Baptiste : Et c’est vrai que on a toujours fonctionné comme ça, que ce soit avec Païaka ou avec d’autre groupes. Après tu vas avoir des concerts de groupes comme Groundation justement qui, avec un background plutôt jazz, ont une manière totalement différente de voir les concerts. Et eux vont faire une setlist différente à chaque concert. L’idée c’est de proposer un show construit, que ce soit au niveau au niveau de la musique, des lumières, de la mise en scène même, il faut pouvoir le pratiquer. On est dans l’idée de faire un show rodé.
Mais par rapport à cela, vu que vous avez un show fermé, à quel moment vous aurez ce moment spécifique de lâcher prise?
Spelim : C’est une chose vraiment dure comme tu le sais à quantifier. Mais on arrive, malgré le fait d’avoir le même show à chaque concert, de faire un concert différent à chaque fois. Il y a pas que la musique, on a jamais l’impression de faire la même chose. Le public est différent chaque soir, le feedback du public est différent, on joue pas nous-même de la même manière, on est pas de la même humeur, on a pas les mêmes émotions au même moment. La part de liberté est ainsi totale. C’est justement dans cette contrainte qu’on va chercher ce lâcher prise ailleurs.

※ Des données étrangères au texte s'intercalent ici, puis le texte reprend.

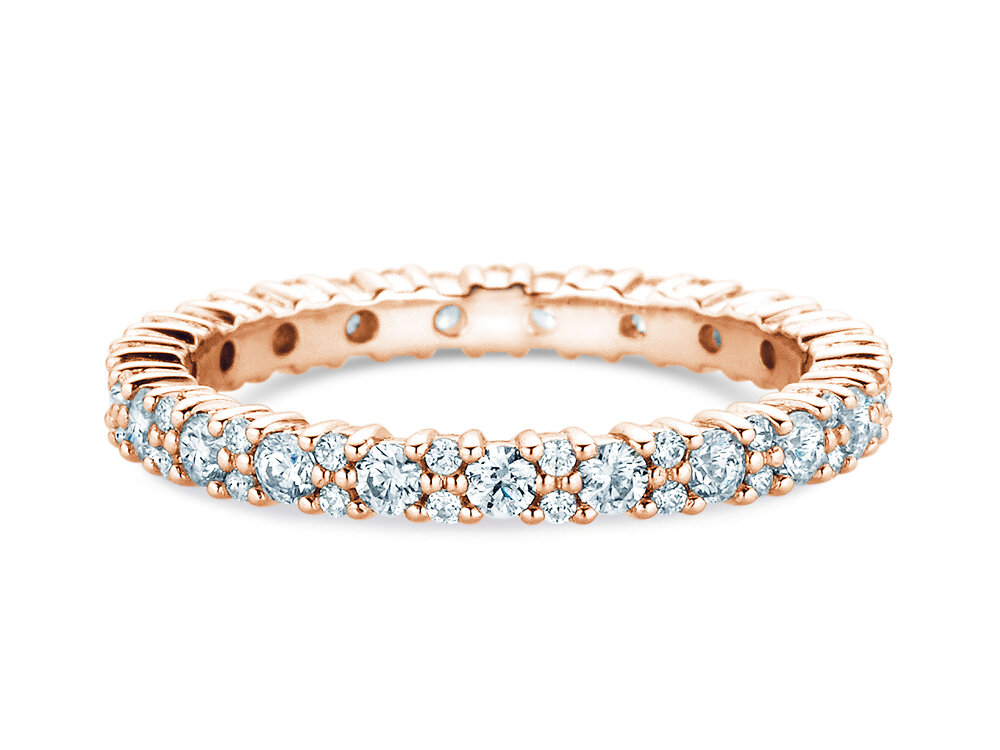 Eternityring Morse in 14K Roségold mit Diamanten 0,84ct G/SI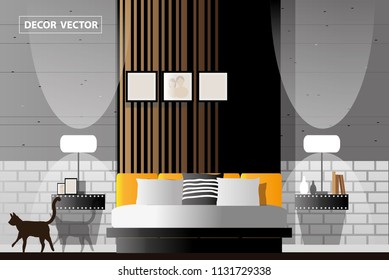vector loft style bedroom decor.interior design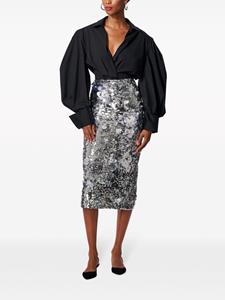 Carolina Herrera Midi-rok met pailletten - Zilver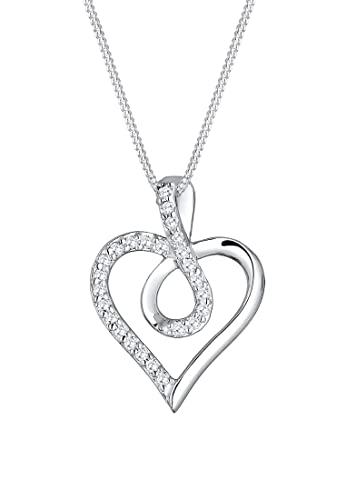 Elli Halskette Damen Infinity Herz Symbol mit Zirkonia in 925 Sterling Silber rosé vergoldet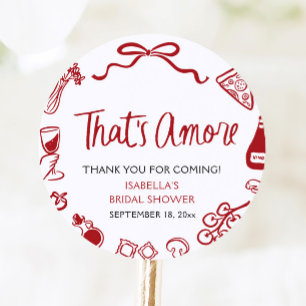 Red Italian That's Amore Pizza Pasta Bridal Shower Classic Round Sticker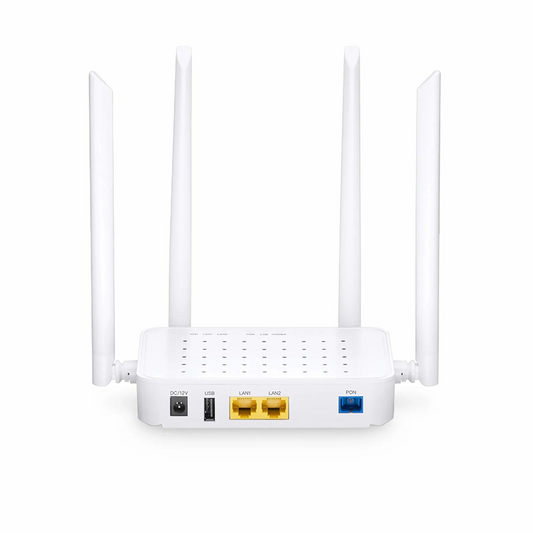 FyberOptix ONU1910-2G-W, XPON (GPON+EPON) ONU, with 1x PON, SC/UPC, 2x GE, 1x USB, and 4x External Antennas (1200M WiFi 5)
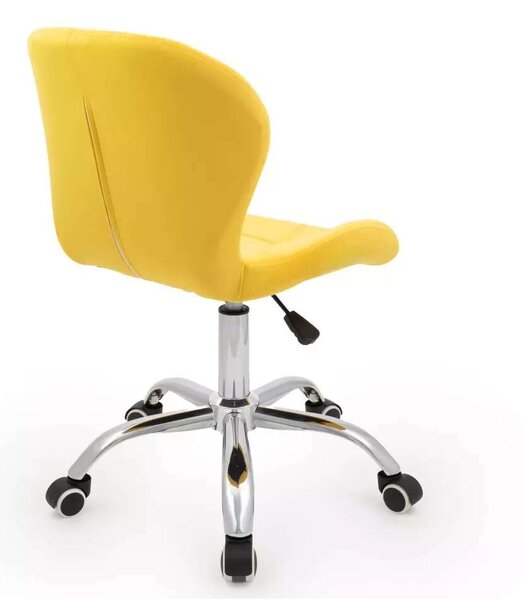 LuxuryForm DESIGN Stolička LIVIO VELUR na striebornej podstave s kolieskami - žltá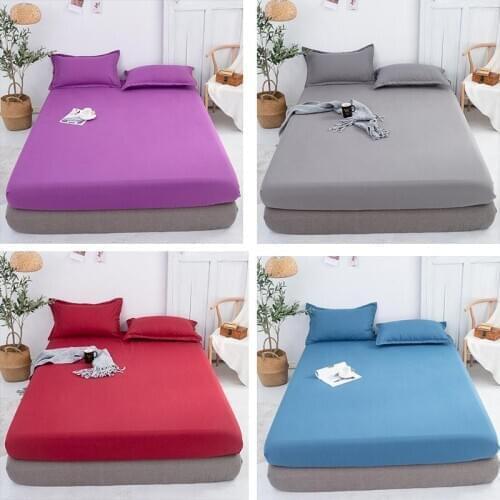 1pcs 100% polyester solid bed mattress set with four corners and elastic band sheets hot sale(no pillowcases) fitted she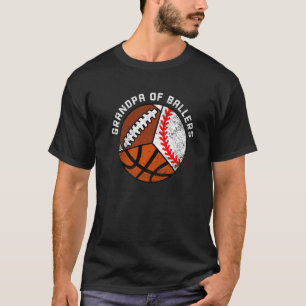 Mens Grandpa Of Ballers  Baseball Basketball Footb T-Shirt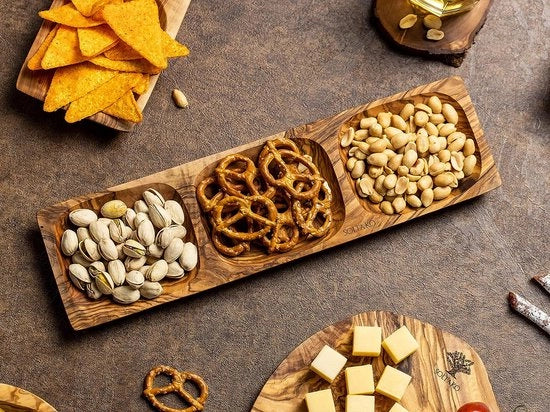 Scaletta per snack in legno di olivo, contenitore per dips, presentatore di tapas, piatto, legno, legno di olivo, piatto in legno, ciotola per pane ca. 34-35 cm lungo, 9-10 cm largo, 2 cm alto, (scaletta per snack unifasce)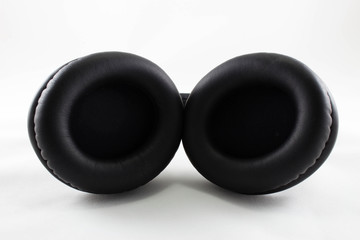 Black headphone on white background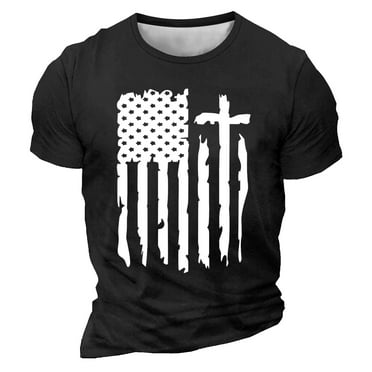 Elvqul Shirts for Men Black Fourth of July Pullover Independence Day Crew Neck Short Sleeve Star T Shirts Graphic Patriotic Mens Shirts Trendy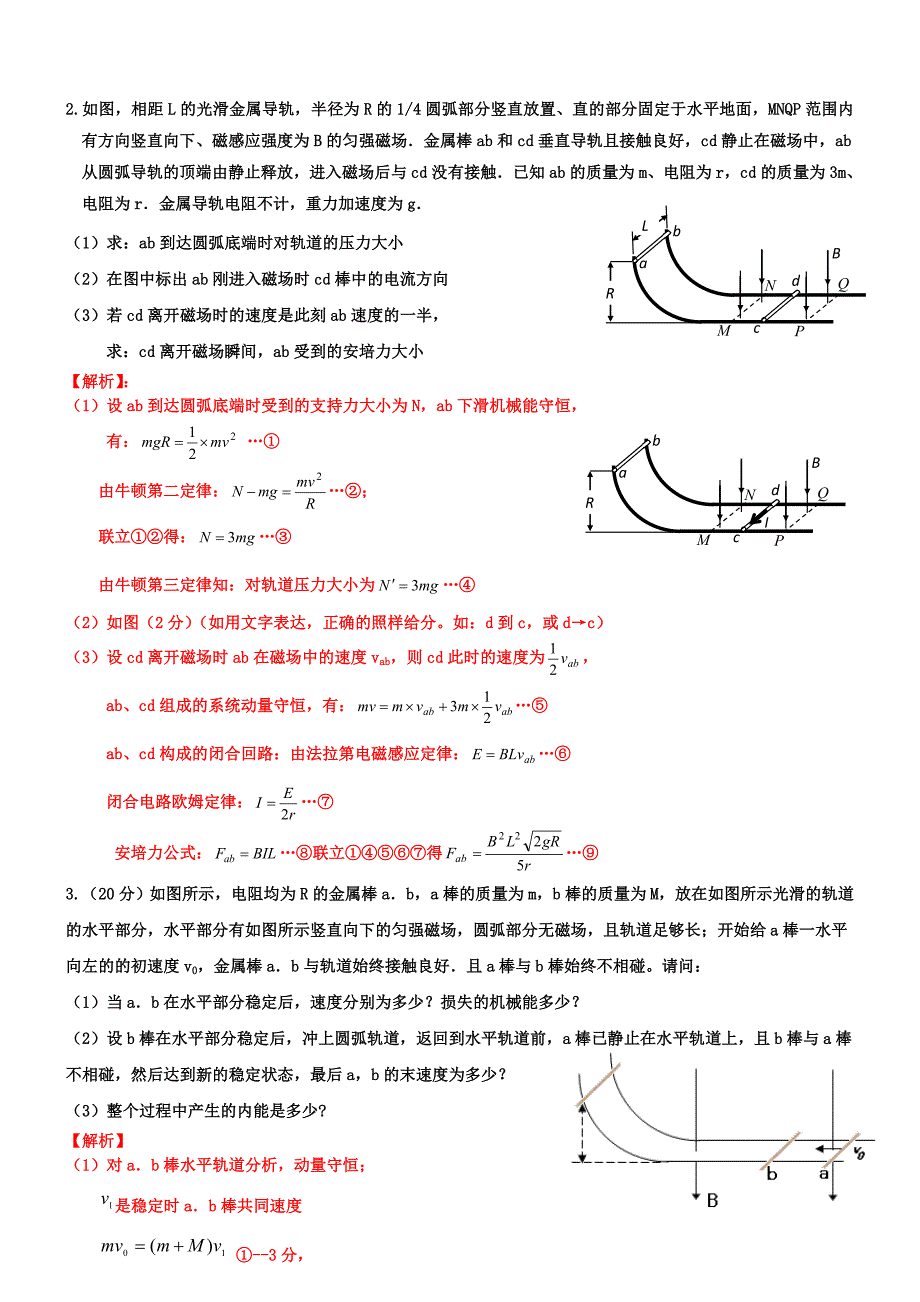 电磁感应中的动量守恒经典题_第2页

Baptiste : La liberté on l’a aussi dans la réécriture que l’on a faite pour le concert en lui-même. On est très loin de simplement appuyer sur le bouton play de ta platine vinyle. Il y a des moments instrumentaux, et depuis septembre on travaille ce concert en terme d’arrangements afin de proposer vraiment quelque chose qui nous plait à jouer et rejouer sur scène, tout en proposant un truc différent de l’album.